I think it’s Stella Gibbons fault. After reading her wonderfully funny parody of English rural melodramas I decided to segue into Lady Chatterley’s Lover, and from that starting point it was hard to take this classic quite seriously enough.
And it is serious book, with a serious place in literary history. It’s appropriate to include Lady Chatterley’s Lover in a blog dedicated to Popular Penguins. It was Penguin who took the provocative step of publishing the unexpurgated book in the UK for the first time, complete with its c and f words, and was pursued in the celebrated obscenity trial.
I won’t go through the whole story here, there’s plenty of other places you can seek it out. As both of you probably already know, Penguin sought to test the new Obscene Publications Act, which allowed literary merit as a defence for publishers of otherwise obscene works. Lady Chatterley’s Lover passed the literary merit test, and who am I to disagree with the findings of a court of law?
Not everyone agreed, though. Some big literary names of the period damned it with faint praise. I particularly like Evelyn Waugh’s contribution, reproduced here from the pop culture website Dangerous Minds:
I have not read Lady Chatterley’s Lover since it first came out. My memory of it is that it was dull, absurd in places and pretentious. I am sure that most of its readers would be attracted by its eroticism. Whether it can “corrupt” them, I can’t tell, but I am quite certain that no public or private “good” would be served by its publication. Lawrence had very meagre literary gifts.
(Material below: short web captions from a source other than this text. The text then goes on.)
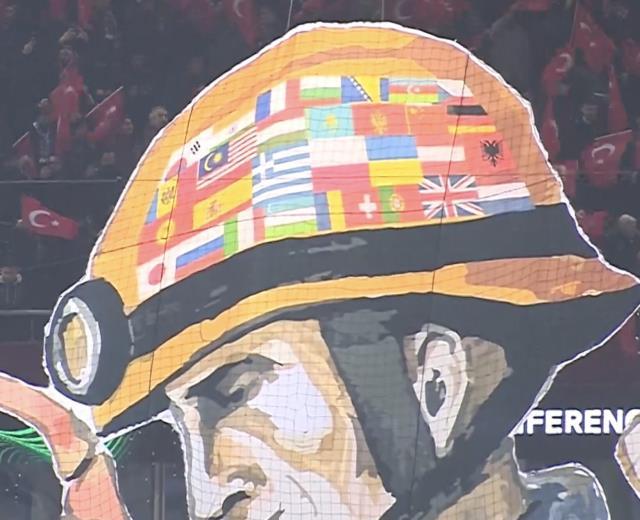 Trabzonspor-Basel maçında anlamlı koreografi! Her detayı ayrı duygulandırıyor 3 Trabzonspor-Basel maçında anlamlı koreografi! Her detayı ayrı duygulandırıyor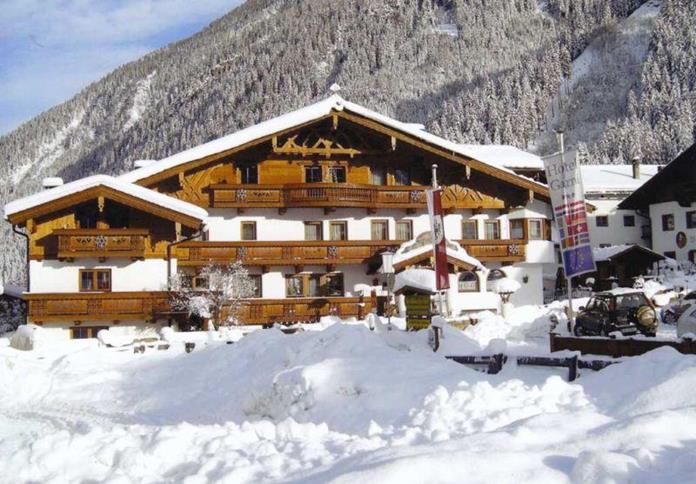 Pensionen - Neustift im Stubaital - Hotel Garni Krößbacherhof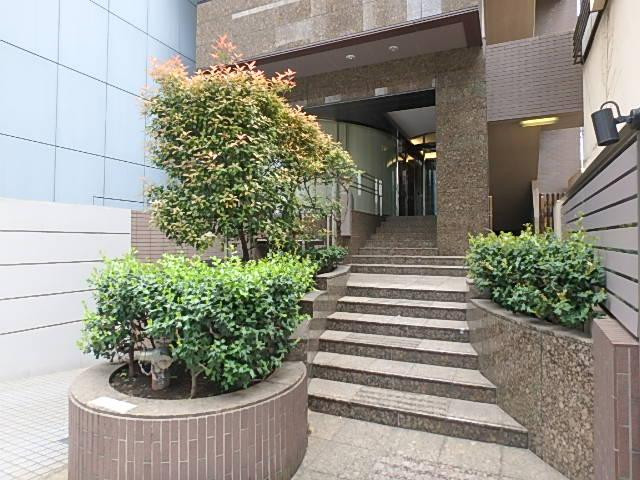 エントランス①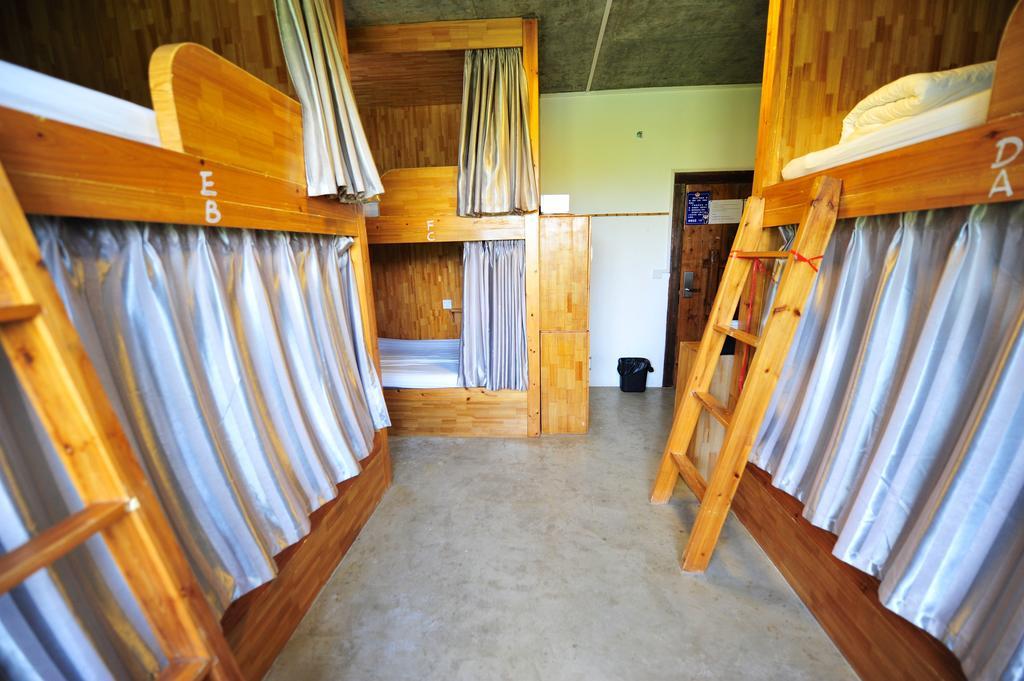 Yangshuo Sudder Street Guesthouse Номер фото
While I wouldn’t be so heretical (or perhaps egotistical) as to join Waugh’s assessment of Lawrence’s “meagre literary gifts”, I’ve got a bit of sympathy for his assessment of Lady Chatterley as “dull, absurd in places and pretentious”.
Take, in Tea and Penguins tradition, the opening paragraph:
Ours is essentially a tragic age, so we refuse to take it tragically. The cataclysm has happened, we are among the ruins, we start to build up new little habitats, to have new little hopes. It is rather hard work: there is now no smooth road into the future: but we go round, or scramble over the obstacles. We’ve got to live, no matter how many skies have fallen.
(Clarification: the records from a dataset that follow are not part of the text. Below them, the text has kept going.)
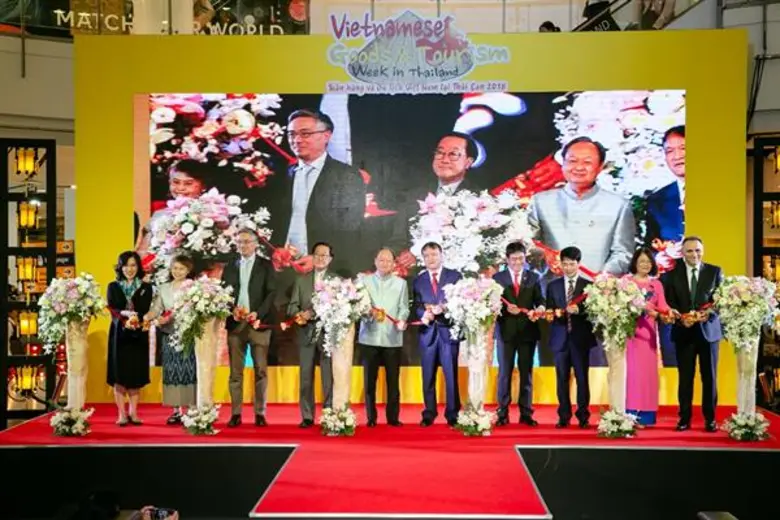 ยกเวียดนามมาไว้ใจกลางกรุงเทพกับงาน “เวียดนามีส กู๊ดส์ แอนด์ ทัวริซึ่ม วีค อิน ไทยแลนด์ 2018” ครั้งที่ 3 จัดเต็มสินค้าเวียดนามแท้ๆ และโปรโมชั่นท่องเที่ยวที่พลาดไม่ได้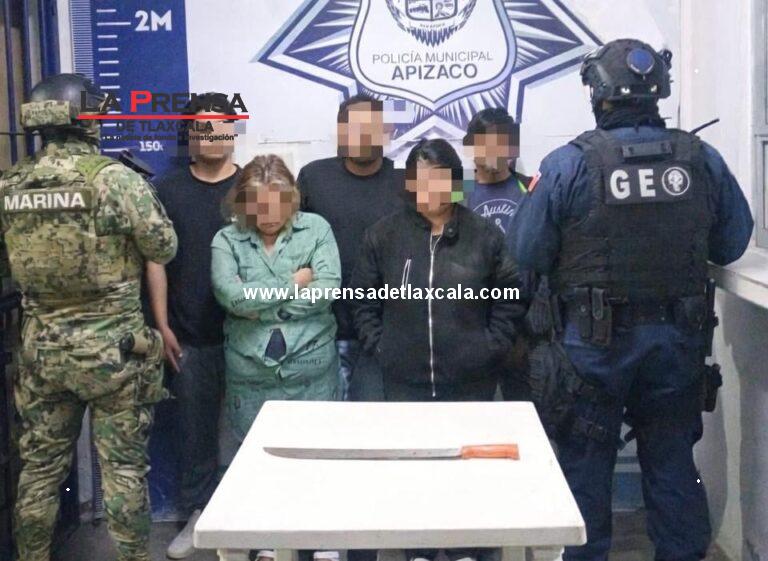 Turba ataca a machetazos a policías municipales en Apizaco; hay cinco detenidos.
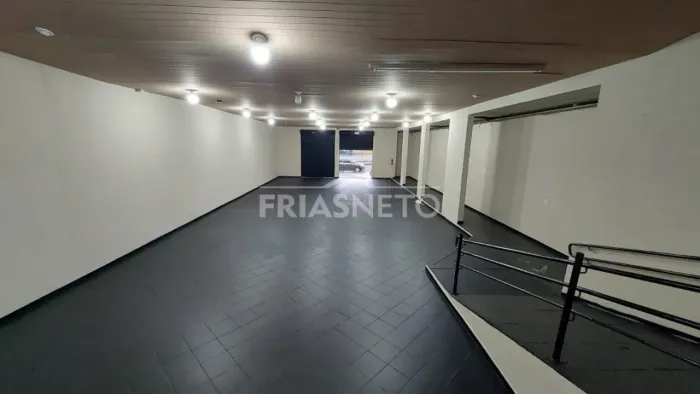 Ponto Comercial Estratégico com 700m² em Frente ao Terminal Vila Sônia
The fallen skies are the war, the industrial revolution, the blight on the pastoral landscape by coal and electricity, the widening distances between the classes, and particularly in their relative wealth, and the triumph of intellect and progress over emotion and an attachment to the earth.
Just as I don’t need to tell you the story of the famous trial, I probably don’t need to sketch out the plot for you. What I found amusing rather than profound, and what I guess Gibbons was playing on, was the book’s sometimes relentless oppositionism. Nature is good, industry is bad. Connie Chatterley’s lover Oliver Mellors is a gamekeeper, charged with nurturing and protecting the woodland creatures (albeit for someone else to come along and kill later). Her husband Clifford is a coal baron, and increasingly obsessed with modern uses for the black gold that runs through his land. This dichotomy is akin I think to the theme critics and reviewers frequently identify: intellect and emotion, mind and body. They are not necessarily sentiments that I disagree with (although I am a girl who prefers balance in most things, rather than definitively taking one side or another). I did find it all a bit dull and obvious after a while, and I think it made Mellors in particular a bit flat and one dimensional for me. He has only one view on everything, and you can guess up front what it will be on most issues:
Their spunk is gone dead. Motor-cars and cinemas and aeroplanes suck that last bit out of them. I can tell you, every generation breeds a more rabbity generation, with indiarubber tubing for guts and tin legs and tin faces. … Money, money, money! All the modern lot get their real kick out of killing the old Adam and the old Eve.
Mellors seeks refuge in “the darkness and seclusion of the wood”, but even there the industrial noises of Clifford’s modern world intrude, and the “world allows no hermits.” When Connie encounters Mellors bathing, naked to the hips in the yard of his cottage, she is somehow shocked, and has to remind herself “After all, merely a man washing himself; commonplace enough, Heaven knows!” But the shock is the tingle of emotion, of body, of nature. Common sense, intellect and modern industry won’t compete.
The very practical Flora Poste would have had a brisk response to Mellors and his bleak world view. But Lady Chatterly is being guided by DH Lawrence, not Stella Gibbons, and the outcome is very different indeed.